Flávio Bolsonaro acusa Lula de ser "chefe do PCC" e cita presença de Dino na Maré em crítica à segurança pública

Flávio Bolsonaro acusa Lula de ser “chefe do PCC” e cita presença de Dino na Maré em crítica à segurança pública

Resumo

Flávio Bolsonaro dispara contra Lula e Dino em debate sobre segurança pública, comparando presidente a “chefe do PCC”.

O senador Flávio Bolsonaro (PL-RJ) criticou o presidente Luiz Inácio Lula da Silva (PT) em um debate promovido pelo Grupo Voto, focando na área de segurança pública. O pré-candidato à Presidência da República comparou Lula a um líder do Primeiro Comando da Capital (PCC).

A declaração surgiu após Flávio Bolsonaro discordar da posição do governo federal em não classificar o PCC e o Comando Vermelho (CV) como grupos terroristas. Para o senador, essa falta de classificação representa uma oportunidade perdida para combater o “poder paralelo” das facções criminosas.
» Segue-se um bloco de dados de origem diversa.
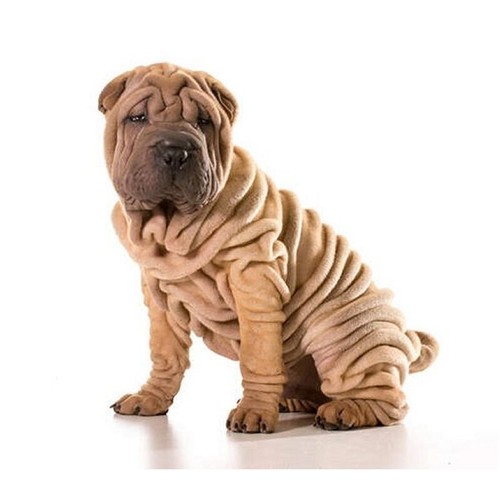 Shar pei dog pet - pei,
“Parece que ele é o chefe do PCC”, afirmou Flávio Bolsonaro, questionando a postura do presidente. A posição governista, segundo o conteúdo, é de que a inclusão das facções no conceito de terrorismo poderia levar a uma intervenção do governo americano no Brasil, transformando a questão de segurança pública em um problema de defesa nacional. A menção ao ex-ministro da Justiça e Segurança Pública, Flávio Dino, também foi feita pelo senador.

A polêmica da classificação de terrorismo e a tarifa sobre produtos brasileiros

A discussão ganhou contornos internacionais quando os Estados Unidos designaram o PCC e o CV como organizações terroristas em 28 de maio. Esta decisão ocorreu dois dias após a visita de Flávio Bolsonaro ao então presidente Donald Trump, gerando comemoração em sua campanha e apreensão no governo brasileiro, que chegou a criticar a família Bolsonaro por supostamente minar a soberania nacional.
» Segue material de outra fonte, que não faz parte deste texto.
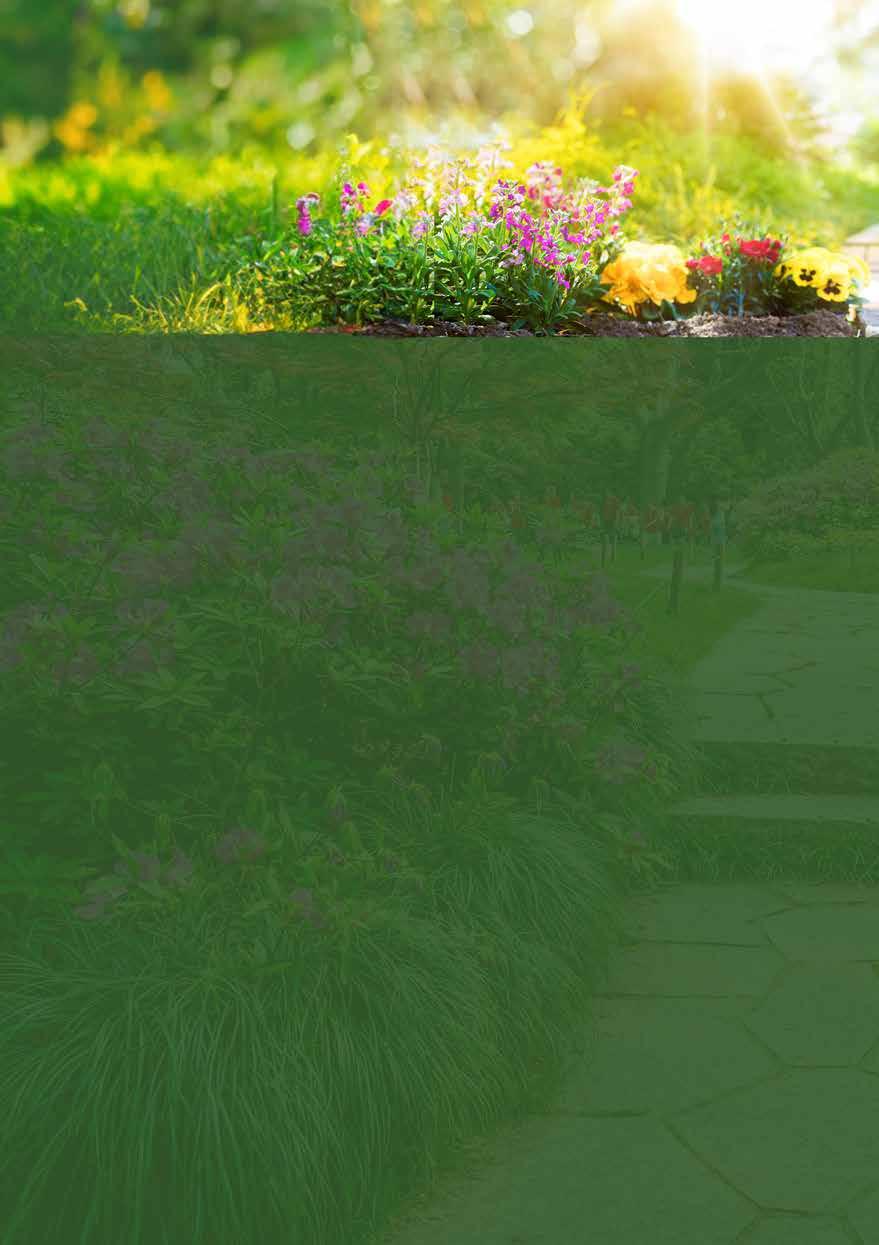 Cover for What to do in the garden in July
Pouco tempo depois, o escritório do Representante Comercial dos Estados Unidos (USTR) sugeriu a aplicação de uma **tarifa de 25% sobre produtos brasileiros**, citando o Pix, decisões do Judiciário e desvantagens competitivas. Flávio Bolsonaro chegou a afirmar que pediu a Trump para não taxar empresas brasileiras.

A militância digital de esquerda, no entanto, utilizou o episódio para criar o apelido “Tariflávio”, atribuindo ao senador a responsabilidade pela possível taxação. Eduardo Bolsonaro, por sua vez, comparou o Pix ao Zelle, sistema de pagamentos dos EUA, o que foi interpretado como uma proposta para trocar o Pix pelo Zelle, gerando retratação pública e a defesa de que o Pix seria uma criação de Jair Bolsonaro.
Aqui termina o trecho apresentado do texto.